Now, a year later, he’s more insistent on me scooting away, closing my mouth, not touching his cooking utensils. He urges me in a shadowy tap-the-toe-raise-the-eyebrow way. He throws the impatient glace, flutters his hand slightly and, almost imperceptibly, turns his shoulder to leave me on his outside, away from the butcher block, his flour, his butter, his knife.
I walk away to rake shoes from under tables, pile papers, toss 5th grade spelling lists from the week before.
Next I twiddle my thumb on a light switch and listen toward the kitchen long enough. I bee-line back, show up at his side.
“You need help?”
“No.” He gives me an exaggerated sprite grin, a go-away-like-you-were-just-gone look of near, but not quite, exasperation.

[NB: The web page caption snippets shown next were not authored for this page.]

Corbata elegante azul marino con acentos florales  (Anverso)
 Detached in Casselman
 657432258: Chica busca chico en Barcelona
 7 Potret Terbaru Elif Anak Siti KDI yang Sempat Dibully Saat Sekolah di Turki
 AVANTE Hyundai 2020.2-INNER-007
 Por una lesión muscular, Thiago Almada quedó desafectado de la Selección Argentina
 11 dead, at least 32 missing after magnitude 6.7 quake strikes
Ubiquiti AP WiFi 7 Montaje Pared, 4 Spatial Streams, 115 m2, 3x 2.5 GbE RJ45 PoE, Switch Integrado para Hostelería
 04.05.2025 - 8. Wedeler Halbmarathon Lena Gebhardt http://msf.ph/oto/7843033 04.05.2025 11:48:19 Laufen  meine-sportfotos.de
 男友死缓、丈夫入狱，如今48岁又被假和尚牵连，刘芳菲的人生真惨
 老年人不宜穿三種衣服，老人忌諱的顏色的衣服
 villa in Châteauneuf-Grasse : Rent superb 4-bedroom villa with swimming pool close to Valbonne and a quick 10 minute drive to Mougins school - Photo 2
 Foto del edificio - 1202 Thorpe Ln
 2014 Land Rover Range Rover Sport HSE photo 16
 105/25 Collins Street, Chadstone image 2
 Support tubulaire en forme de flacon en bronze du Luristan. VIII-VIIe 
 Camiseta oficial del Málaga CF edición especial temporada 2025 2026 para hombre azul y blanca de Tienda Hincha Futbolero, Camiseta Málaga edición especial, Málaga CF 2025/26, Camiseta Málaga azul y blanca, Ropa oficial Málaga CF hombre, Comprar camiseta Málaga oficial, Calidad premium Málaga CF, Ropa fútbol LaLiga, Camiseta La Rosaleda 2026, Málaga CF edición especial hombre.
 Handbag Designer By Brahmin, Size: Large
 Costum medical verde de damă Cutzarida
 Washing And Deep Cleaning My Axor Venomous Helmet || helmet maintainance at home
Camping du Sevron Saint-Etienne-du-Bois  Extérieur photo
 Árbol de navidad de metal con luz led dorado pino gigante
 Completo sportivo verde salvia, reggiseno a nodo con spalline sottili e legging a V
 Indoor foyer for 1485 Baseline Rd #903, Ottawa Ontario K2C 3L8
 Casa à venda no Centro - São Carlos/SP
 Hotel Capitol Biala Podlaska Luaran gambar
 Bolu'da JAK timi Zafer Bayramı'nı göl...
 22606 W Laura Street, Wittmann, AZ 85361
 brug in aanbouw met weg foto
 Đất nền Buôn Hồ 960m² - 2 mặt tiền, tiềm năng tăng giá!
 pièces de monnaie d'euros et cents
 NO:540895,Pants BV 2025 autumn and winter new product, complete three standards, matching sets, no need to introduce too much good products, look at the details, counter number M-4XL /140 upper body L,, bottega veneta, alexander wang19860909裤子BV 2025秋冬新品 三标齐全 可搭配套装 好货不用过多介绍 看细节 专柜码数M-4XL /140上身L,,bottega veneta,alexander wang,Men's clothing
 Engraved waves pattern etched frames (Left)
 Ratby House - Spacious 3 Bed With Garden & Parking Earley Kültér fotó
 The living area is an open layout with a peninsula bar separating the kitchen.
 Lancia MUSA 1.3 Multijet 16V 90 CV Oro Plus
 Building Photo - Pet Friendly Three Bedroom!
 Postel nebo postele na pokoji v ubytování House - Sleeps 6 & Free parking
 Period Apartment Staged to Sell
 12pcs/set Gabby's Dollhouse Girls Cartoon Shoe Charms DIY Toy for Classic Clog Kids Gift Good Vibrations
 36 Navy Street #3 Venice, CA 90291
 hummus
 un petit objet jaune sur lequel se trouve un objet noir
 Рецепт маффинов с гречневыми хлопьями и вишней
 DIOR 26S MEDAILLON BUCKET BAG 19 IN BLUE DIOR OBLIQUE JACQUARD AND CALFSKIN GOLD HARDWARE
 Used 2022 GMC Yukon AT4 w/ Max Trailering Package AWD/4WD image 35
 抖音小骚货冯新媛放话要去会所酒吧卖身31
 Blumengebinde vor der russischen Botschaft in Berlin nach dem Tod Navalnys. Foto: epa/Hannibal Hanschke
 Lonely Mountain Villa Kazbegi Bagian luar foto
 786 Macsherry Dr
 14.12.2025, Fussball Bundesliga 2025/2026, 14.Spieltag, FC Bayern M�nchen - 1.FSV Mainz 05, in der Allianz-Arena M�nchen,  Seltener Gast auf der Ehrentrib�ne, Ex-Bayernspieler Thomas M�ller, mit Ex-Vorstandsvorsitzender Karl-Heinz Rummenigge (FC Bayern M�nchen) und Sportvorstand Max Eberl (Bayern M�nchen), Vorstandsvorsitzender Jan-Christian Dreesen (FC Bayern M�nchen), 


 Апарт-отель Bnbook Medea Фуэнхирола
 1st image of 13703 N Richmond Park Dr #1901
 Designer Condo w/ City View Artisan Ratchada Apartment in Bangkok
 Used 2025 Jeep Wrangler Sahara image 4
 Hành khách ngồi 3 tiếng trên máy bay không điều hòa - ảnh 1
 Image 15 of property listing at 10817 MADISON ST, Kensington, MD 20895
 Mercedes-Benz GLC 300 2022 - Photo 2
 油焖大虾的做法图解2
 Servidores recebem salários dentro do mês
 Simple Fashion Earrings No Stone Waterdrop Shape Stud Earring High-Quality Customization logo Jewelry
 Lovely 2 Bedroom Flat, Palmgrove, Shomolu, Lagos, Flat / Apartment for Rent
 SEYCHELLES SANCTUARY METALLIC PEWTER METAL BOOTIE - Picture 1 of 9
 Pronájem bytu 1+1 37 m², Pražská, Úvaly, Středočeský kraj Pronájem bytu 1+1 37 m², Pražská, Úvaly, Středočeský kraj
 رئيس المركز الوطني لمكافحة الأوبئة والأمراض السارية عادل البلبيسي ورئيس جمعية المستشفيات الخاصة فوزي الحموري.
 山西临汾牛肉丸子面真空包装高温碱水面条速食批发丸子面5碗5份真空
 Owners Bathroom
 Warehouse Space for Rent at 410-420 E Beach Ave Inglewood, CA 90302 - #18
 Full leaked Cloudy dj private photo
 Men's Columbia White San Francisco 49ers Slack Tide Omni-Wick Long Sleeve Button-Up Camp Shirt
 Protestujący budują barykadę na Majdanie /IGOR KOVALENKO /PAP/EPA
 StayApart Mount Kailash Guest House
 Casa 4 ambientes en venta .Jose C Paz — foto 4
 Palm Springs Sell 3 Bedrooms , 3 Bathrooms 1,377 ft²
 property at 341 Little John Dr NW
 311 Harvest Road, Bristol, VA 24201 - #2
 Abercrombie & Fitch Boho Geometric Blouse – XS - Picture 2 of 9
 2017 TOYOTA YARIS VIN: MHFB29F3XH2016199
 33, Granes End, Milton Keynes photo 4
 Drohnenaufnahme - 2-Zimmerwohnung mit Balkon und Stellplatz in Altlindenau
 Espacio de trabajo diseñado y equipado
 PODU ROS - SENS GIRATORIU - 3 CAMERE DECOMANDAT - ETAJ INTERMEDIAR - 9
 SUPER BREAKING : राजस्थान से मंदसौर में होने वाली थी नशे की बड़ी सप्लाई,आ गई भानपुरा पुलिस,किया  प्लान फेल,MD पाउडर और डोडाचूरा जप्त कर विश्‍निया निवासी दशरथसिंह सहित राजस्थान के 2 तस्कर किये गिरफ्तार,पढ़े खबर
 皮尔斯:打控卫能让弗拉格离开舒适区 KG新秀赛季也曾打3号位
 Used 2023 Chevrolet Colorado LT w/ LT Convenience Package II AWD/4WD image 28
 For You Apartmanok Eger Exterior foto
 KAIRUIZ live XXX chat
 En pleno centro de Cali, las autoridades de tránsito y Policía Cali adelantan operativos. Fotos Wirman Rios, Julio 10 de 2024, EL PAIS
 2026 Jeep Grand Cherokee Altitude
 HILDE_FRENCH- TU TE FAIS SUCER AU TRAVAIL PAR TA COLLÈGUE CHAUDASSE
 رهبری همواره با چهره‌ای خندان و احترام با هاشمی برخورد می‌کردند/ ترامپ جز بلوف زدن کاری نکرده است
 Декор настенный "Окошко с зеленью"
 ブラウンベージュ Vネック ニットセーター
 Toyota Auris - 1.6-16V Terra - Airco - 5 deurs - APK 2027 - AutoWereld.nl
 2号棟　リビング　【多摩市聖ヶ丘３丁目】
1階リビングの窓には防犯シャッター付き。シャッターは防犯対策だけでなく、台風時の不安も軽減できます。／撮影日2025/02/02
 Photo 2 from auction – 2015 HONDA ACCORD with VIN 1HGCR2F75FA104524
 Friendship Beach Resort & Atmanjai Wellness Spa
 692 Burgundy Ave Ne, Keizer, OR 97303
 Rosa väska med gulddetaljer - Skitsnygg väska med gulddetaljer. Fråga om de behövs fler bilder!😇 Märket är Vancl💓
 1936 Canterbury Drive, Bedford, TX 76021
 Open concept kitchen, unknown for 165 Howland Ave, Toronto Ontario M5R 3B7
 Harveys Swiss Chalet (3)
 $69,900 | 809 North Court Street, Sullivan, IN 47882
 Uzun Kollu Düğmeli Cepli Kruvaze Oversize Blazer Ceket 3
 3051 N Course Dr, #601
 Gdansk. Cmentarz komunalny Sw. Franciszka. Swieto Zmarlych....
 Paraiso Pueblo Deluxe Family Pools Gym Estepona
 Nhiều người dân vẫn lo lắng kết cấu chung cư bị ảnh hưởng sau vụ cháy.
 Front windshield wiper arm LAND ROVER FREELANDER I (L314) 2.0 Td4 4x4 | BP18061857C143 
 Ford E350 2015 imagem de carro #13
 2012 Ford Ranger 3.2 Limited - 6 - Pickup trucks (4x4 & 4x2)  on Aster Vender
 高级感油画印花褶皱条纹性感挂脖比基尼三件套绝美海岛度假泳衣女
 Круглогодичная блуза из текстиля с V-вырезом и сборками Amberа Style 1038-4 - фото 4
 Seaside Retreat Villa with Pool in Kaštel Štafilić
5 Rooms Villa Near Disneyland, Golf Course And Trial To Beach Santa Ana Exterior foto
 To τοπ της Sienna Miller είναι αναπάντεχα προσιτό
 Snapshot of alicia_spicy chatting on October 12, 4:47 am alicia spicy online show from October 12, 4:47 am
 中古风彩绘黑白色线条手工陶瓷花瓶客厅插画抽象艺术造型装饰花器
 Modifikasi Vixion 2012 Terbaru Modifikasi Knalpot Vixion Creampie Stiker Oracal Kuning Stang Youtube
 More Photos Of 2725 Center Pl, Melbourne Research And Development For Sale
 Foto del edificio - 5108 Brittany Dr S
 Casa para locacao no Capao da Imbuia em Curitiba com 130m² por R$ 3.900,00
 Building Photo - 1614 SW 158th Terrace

I linger. He has flour on his nose like a too-cute movie still. I itch to tell him, to take a picture. I don’t. The floor is a festival of mess, the dog’s nails click click click as she ducks beside my son; the two shift their balance for each other – the boy cuts butter for dough, the dog licks the floor, amazed at the opportunity, the cache of sweet spillings, the sticky leavings.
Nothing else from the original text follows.